Dies Beispiel zeigt also klar, wie unsozial eine Erhöhung des niedrigeren Mehrwertsteuersatzes ist und auch wie unsozial man in der Union, zumindest teilweise, darüber nachdenkt.

Die Union wil morgen ihr Wahlprogramm verabschieden, natürlich ohne Mehrwertsteuererhöhung, auch andere Steuern sollen natürlich nicht erhöht werden. Liest man aber zwischen den Zeilen, dann stehen da so Sachen drin wie: "eine strukturelle Überprüfung der Vorschriften zur Mehrwertsteuerbelastung". Wer sich jetzt fragt, was das ist, dann könnte darunter z.B. folgendes verstehen: Basilikum, Mayoran und Thymian sind Kräuter und werden einzeln verkauft mit nur 7% Mehrwertsteuer belegt.

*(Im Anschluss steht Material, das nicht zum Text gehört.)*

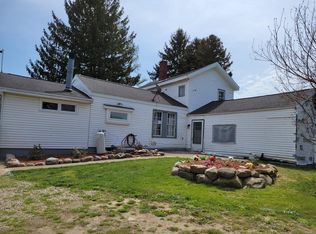 21269 Beaver Center Rd, Conneautville, PA 16406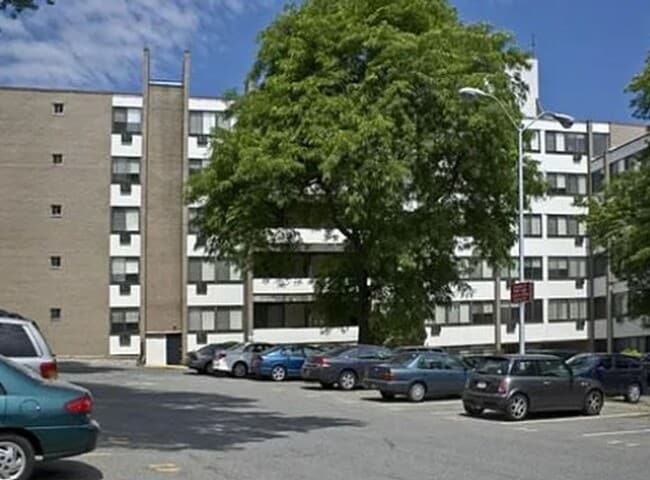 Building Photo - GREAT Studio! Right on Green Line. Laundry in building, roof deck, great view!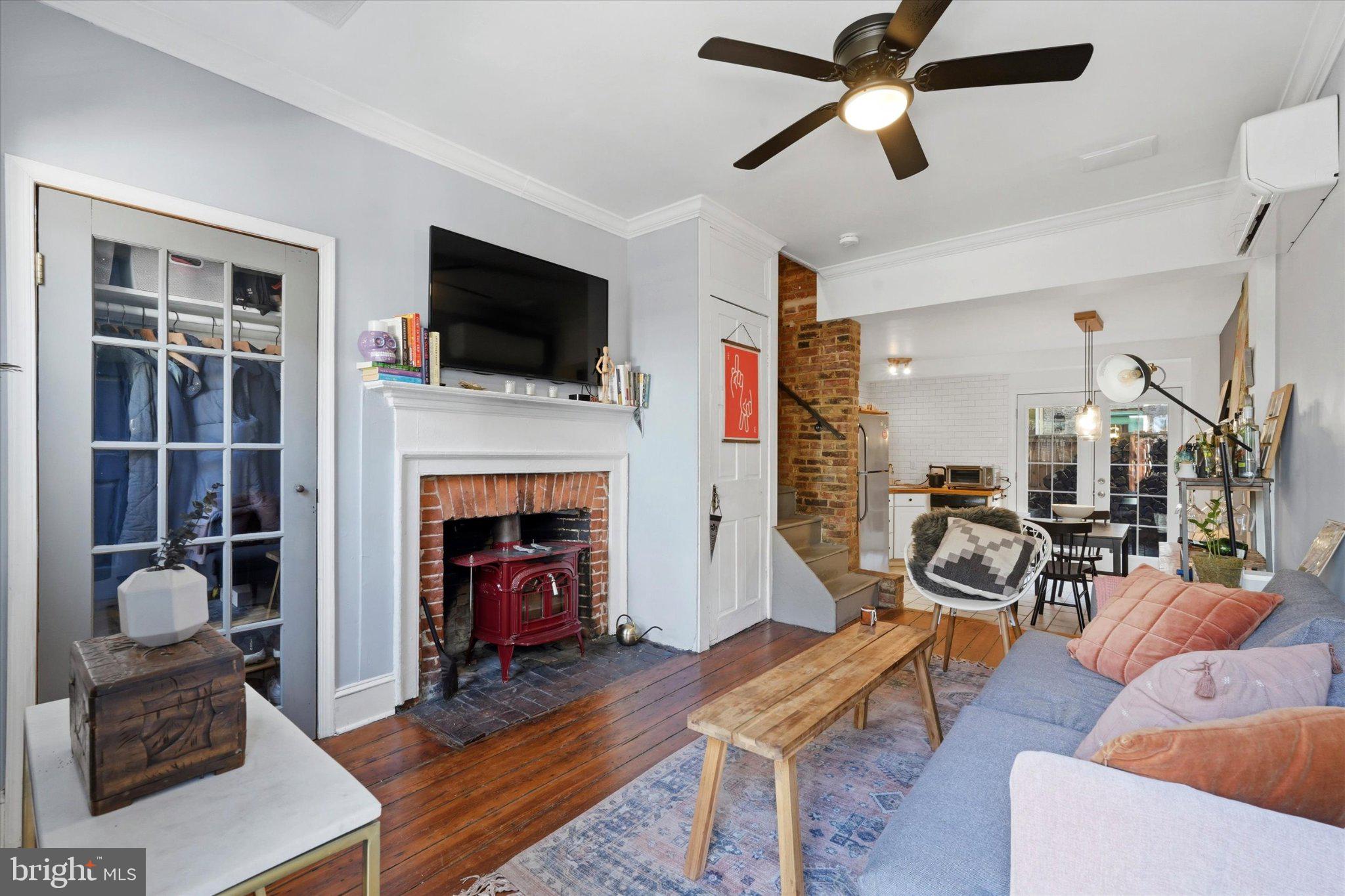 308 S ISEMINGER STREET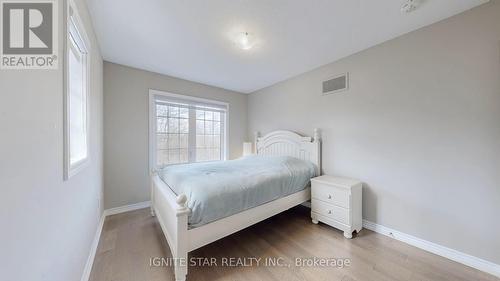 3355 Mockingbird Common Crescent, Oakville, ON - Indoor Photo Showing Bedroom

Mischt man die drei Sorten nunzu einer "italienische Kräutermischung", dann fallen darauf 19% an. Nach einer umfangreichen strukturellen Überprüfung könnte man nun entweder für alles nur 7% verlangen oder eben auch 19%, aber eine Steuererhöhung ist das dann nicht, sondern eben nur eine strukturelle Anpassung.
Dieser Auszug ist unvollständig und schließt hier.